In the UK and Europe, the album was quickly followed up by Bob Dylan's Greatest Hits 2 in 1967, which repeated the four Blonde on Blonde songs from the first UK Greatest Hits album and added three more (including "Absolutely Sweet Marie"), as well as five further pre-1966 album songs (including "Just Like Tom Thumb's Blues", "Gates of Eden" and "Chimes of Freedom"). This album was different from the later 1971 album that was called Bob Dylan's Greatest Hits Vol. II in the US and called More Bob Dylan Greatest Hits in the UK.
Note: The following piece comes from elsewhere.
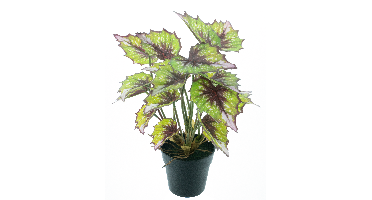 Begonia Rex in pot green 33cm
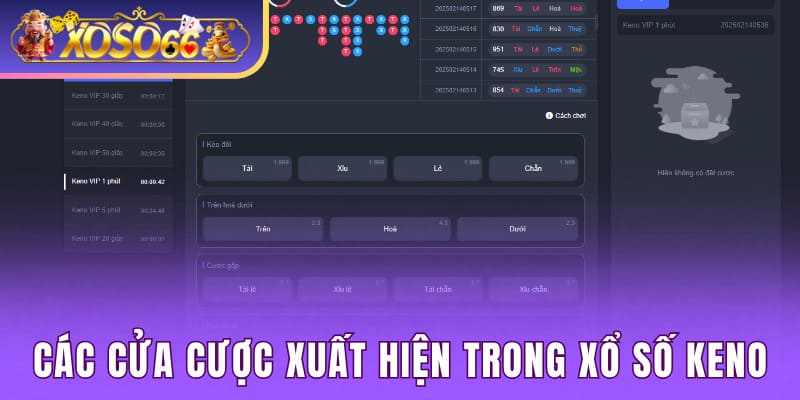 Các cửa cược xuất hiện trong xổ số keno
- Bob Dylan's Greatest Hits 2

Side one
| No. | Title | Length |
|---|---|---|
| 1. | "I Want You" | 3:09 |
| 2. | "One of Us Must Know (Sooner or Later)" | 4:54 |
| 3. | "It Takes a Lot to Laugh, It Takes a Train to Cry" | 3:25 |
| 4. | "Just Like Tom Thumb's Blues" | 5:31 |
| 5. | "Masters of War" | 4:34 |
| 6. | "Chimes of Freedom" | 7:10 |
| Total length: |  | 28:43 |

Side two
| No. | Title | Length |
|---|---|---|
| 1. | "Just Like a Woman" | 4:53 |
| 2. | "Obviously Five Believers" | 3:36 |
| 3. | "Rainy Day Women #12 & 35" | 4:40 |
| 4. | "Gates of Eden" | 5:40 |
| 5. | "Leopard-Skin Pill-Box Hat" | 3:58 |
| 6. | "Absolutely Sweet Marie" | 4:57 |
| Total length: |  | 27:44 |

==Charts==

===Weekly charts===

| Chart (1967) | Peak position |
|---|---|
| Canada Top Albums/CDs (RPM) | 7 |
| Spanish Albums Chart | 6 |
| UK Albums (Official Charts) | 6 |
| US Billboard 200 | 10 |
| Chart (1975) | Peak position |
| Norwegian Albums (VG-lista) | 18 |
| Chart (1999) | Peak position |
| Swedish Albums (Sverigetopplistan) | 46 |
| Chart (2016) | Peak position |
| Italian Albums (FIMI) | 93 |

===Year-end charts===

| Chart (1967) | Position |
|---|---|
| US Billboard 200 | 47 |
| Chart (1968) | Position |
| US Billboard 200 | 96 |

==Certifications==

| Region | Certification | Certified units/sales |
| Canada (Music Canada) | 2× Platinum | 200,000^{^} |
| France (SNEP) | 2× Gold | 200,000^{*} |
| Netherlands (NVPI) | Platinum | 100,000^{^} |
| United Kingdom (BPI) | 2× Platinum | 600,000^{‡} |
| United States (RIAA) | 5× Platinum | 5,000,000^{^} |
^{*} Sales figures based on certification alone. ^{^} Shipments figures based on certification alone. ^{‡} Sales+streaming figures based on certification alone.